Short descriptive text snippets:

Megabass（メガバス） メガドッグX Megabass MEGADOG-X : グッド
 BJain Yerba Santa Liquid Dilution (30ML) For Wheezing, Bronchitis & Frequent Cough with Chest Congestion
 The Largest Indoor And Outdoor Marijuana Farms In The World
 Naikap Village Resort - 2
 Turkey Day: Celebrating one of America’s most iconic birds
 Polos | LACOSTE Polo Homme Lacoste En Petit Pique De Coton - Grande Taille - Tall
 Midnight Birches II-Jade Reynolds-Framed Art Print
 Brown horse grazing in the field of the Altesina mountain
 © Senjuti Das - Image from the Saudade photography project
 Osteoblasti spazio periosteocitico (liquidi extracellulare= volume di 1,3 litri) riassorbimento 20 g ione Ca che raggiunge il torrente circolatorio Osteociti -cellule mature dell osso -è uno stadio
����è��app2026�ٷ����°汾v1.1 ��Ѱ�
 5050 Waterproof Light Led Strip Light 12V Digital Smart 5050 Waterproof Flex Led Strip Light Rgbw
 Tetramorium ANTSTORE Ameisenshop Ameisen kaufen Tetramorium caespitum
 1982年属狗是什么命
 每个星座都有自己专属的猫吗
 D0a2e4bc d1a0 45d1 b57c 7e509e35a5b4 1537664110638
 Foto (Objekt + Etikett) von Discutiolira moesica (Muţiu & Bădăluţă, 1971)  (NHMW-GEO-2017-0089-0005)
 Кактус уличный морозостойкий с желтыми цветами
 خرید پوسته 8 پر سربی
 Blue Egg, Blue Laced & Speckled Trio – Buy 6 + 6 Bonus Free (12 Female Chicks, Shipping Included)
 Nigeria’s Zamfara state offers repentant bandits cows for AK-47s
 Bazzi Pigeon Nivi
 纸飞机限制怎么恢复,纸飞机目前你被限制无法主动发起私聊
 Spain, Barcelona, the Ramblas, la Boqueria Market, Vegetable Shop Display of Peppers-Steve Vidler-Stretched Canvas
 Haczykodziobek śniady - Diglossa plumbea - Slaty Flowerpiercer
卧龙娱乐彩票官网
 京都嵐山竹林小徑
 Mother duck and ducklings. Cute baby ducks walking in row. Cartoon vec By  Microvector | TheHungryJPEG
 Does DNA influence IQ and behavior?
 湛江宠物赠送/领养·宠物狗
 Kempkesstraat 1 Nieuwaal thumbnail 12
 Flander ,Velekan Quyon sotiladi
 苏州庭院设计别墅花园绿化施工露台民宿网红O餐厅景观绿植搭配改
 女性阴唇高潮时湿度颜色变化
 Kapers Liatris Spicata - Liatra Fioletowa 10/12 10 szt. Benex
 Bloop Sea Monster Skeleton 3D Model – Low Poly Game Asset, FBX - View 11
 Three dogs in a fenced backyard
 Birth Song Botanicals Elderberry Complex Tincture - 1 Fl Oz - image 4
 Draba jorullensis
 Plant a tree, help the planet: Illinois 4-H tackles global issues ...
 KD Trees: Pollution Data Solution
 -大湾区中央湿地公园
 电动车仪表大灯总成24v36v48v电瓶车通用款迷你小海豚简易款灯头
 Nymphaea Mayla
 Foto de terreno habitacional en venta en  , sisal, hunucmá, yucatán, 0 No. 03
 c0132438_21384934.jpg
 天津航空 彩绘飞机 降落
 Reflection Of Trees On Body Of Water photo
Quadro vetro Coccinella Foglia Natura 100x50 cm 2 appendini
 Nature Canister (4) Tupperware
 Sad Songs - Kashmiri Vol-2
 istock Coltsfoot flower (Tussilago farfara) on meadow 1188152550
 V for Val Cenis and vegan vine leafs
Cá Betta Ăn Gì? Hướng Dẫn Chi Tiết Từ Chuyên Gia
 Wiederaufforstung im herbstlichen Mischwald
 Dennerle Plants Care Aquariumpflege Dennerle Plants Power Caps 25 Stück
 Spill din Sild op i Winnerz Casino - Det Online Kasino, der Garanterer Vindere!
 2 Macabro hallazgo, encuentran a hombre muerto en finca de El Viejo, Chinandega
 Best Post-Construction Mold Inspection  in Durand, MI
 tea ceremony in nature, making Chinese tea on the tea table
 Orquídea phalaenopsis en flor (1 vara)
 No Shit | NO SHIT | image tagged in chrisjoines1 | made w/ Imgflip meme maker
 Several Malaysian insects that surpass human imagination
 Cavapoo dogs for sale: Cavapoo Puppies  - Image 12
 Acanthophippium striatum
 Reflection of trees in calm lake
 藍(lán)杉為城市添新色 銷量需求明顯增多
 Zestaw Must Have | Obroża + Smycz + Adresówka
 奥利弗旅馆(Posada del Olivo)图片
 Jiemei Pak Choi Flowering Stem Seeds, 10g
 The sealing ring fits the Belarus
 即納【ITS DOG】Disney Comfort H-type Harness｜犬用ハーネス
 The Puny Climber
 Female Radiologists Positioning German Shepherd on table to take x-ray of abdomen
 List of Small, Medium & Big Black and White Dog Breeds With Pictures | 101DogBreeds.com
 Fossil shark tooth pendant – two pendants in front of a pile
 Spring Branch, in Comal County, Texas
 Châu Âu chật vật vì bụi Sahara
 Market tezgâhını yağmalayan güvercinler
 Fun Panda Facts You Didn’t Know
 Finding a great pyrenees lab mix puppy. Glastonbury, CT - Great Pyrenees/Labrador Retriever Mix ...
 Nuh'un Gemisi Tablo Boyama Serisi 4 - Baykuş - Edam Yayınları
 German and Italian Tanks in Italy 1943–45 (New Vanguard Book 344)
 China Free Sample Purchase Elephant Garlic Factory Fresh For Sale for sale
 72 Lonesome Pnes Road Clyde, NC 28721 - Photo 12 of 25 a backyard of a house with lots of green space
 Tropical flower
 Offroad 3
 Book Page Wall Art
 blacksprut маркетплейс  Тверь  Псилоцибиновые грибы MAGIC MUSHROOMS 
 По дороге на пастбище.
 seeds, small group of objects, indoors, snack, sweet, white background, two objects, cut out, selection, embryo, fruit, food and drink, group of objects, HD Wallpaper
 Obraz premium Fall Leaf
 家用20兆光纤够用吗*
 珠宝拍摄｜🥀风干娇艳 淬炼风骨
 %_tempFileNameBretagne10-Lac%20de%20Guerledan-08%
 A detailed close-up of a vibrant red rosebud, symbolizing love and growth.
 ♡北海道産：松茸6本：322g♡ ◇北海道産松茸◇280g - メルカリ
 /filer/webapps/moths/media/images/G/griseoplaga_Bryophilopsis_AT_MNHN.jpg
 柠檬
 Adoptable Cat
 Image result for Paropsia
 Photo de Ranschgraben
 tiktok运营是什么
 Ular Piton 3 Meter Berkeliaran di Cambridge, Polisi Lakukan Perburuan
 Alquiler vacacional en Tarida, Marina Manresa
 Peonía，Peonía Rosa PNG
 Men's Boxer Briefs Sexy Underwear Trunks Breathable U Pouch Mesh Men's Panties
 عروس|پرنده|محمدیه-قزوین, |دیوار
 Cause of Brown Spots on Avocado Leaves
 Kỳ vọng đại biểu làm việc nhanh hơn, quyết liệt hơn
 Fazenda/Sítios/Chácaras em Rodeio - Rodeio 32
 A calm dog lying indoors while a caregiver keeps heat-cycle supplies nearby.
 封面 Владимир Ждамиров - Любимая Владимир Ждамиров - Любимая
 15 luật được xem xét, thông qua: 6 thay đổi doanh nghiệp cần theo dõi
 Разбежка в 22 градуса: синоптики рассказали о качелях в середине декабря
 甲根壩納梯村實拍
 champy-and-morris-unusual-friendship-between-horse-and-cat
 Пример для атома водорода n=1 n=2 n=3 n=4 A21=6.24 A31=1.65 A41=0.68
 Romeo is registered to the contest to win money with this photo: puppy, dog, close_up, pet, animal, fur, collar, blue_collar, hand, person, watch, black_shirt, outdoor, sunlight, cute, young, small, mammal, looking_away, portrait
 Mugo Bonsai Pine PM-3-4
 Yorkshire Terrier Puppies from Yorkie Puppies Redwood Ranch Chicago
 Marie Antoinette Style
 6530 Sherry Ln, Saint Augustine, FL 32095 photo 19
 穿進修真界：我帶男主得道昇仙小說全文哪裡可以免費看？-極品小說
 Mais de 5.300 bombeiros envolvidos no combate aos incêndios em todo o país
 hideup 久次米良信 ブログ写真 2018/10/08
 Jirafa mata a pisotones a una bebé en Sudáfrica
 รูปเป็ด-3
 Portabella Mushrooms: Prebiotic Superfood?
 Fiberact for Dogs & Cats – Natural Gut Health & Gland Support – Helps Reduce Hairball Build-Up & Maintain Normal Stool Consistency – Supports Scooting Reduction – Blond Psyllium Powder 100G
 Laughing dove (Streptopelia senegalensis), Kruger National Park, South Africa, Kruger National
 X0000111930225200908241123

## TASK DIRECTIONS
Copy exactly the stretch of data above from the line with "每个星座都有自己专属的猫吗" through the line with "Blue Egg, Blue", and omit all other lines.

## WORKED SOLUTION
 每个星座都有自己专属的猫吗
 D0a2e4bc d1a0 45d1 b57c 7e509e35a5b4 1537664110638
 Foto (Objekt + Etikett) von Discutiolira moesica (Muţiu & Bădăluţă, 1971)  (NHMW-GEO-2017-0089-0005)
 Кактус уличный морозостойкий с желтыми цветами
 خرید پوسته 8 پر سربی
 Blue Egg, Blue Laced & Speckled Trio – Buy 6 + 6 Bonus Free (12 Female Chicks, Shipping Included)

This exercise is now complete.